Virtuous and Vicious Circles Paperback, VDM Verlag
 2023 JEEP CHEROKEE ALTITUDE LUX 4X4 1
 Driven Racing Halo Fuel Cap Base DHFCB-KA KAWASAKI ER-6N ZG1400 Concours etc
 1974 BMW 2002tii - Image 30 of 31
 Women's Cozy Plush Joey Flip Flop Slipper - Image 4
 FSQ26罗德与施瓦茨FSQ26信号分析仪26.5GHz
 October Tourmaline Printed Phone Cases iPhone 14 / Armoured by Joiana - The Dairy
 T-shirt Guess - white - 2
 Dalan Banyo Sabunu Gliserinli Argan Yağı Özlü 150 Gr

* Task to carry out
Everything from the line with "T-shirt Guess - white - 2" to the last line of the data is what to return, word for word; leave out the rest.

* Response below
 T-shirt Guess - white - 2
 Dalan Banyo Sabunu Gliserinli Argan Yağı Özlü 150 Gr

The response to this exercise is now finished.